### Task prompt
Restate every line of the data word for word, except for the images.
Top of Material for this task
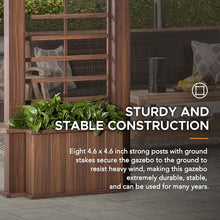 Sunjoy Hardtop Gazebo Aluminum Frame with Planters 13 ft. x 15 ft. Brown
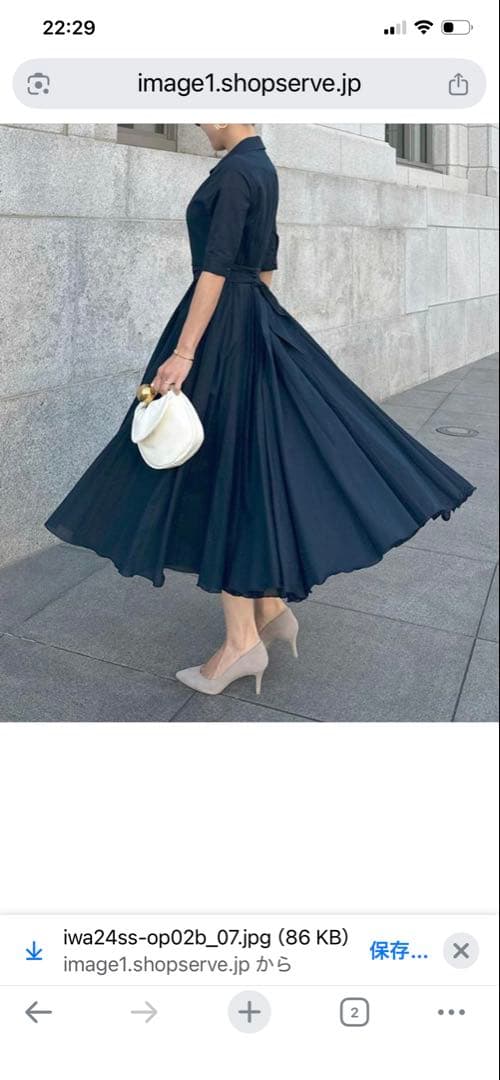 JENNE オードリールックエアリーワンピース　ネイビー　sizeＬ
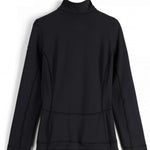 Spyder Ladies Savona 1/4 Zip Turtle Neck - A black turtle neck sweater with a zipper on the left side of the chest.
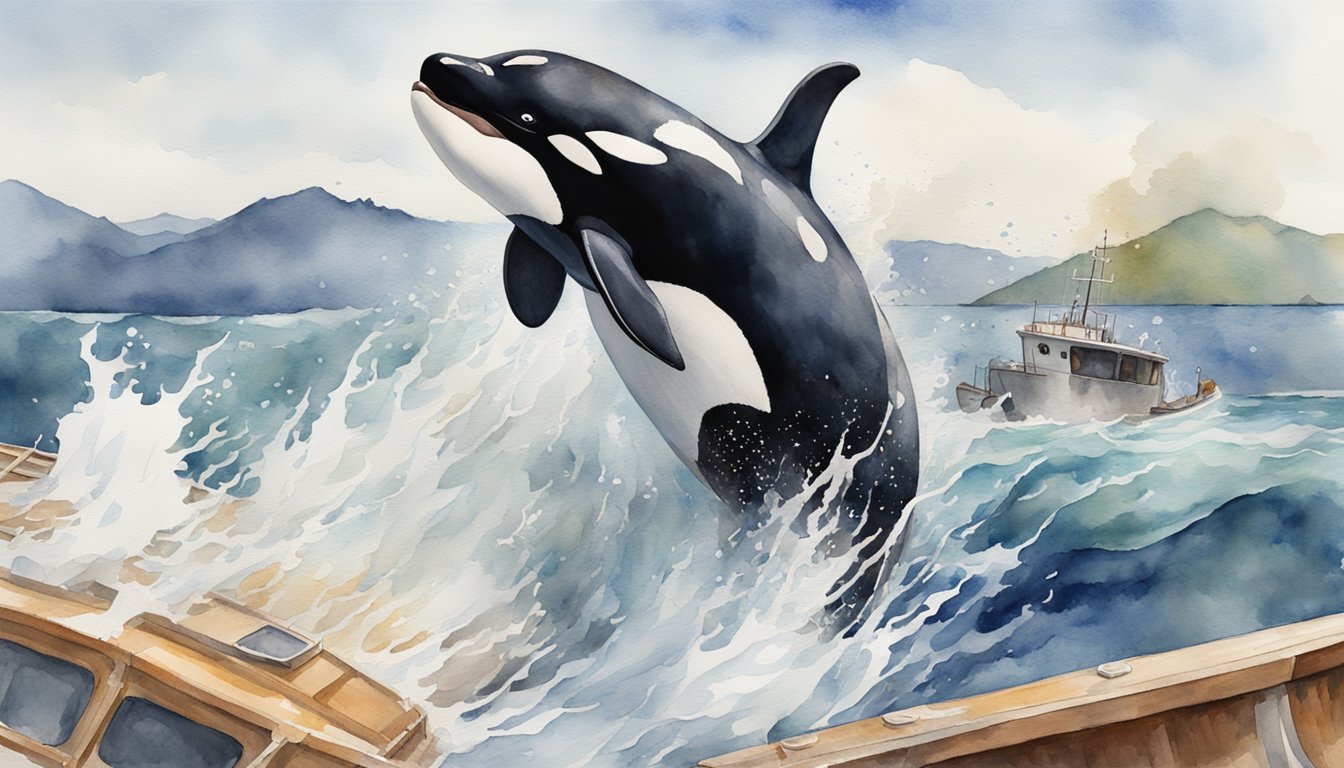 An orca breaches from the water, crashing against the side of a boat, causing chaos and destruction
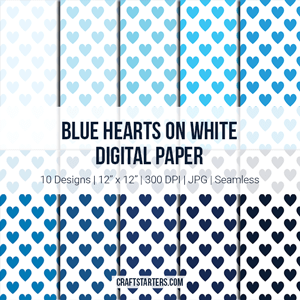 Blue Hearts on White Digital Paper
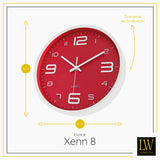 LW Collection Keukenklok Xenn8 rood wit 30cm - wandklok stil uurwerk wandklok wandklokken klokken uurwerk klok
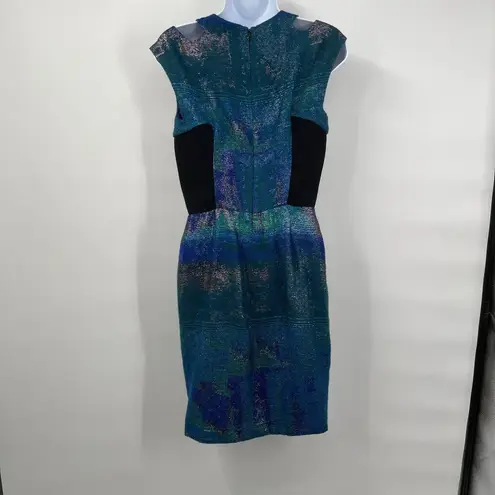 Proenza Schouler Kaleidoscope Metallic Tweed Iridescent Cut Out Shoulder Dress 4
Bottom of Material for this task
### Task output
 Sunjoy Hardtop Gazebo Aluminum Frame with Planters 13 ft. x 15 ft. Brown
 JENNE オードリールックエアリーワンピース　ネイビー　sizeＬ
 Spyder Ladies Savona 1/4 Zip Turtle Neck - A black turtle neck sweater with a zipper on the left side of the chest.
 An orca breaches from the water, crashing against the side of a boat, causing chaos and destruction
 Blue Hearts on White Digital Paper
 LW Collection Keukenklok Xenn8 rood wit 30cm - wandklok stil uurwerk wandklok wandklokken klokken uurwerk klok
 Proenza Schouler Kaleidoscope Metallic Tweed Iridescent Cut Out Shoulder Dress 4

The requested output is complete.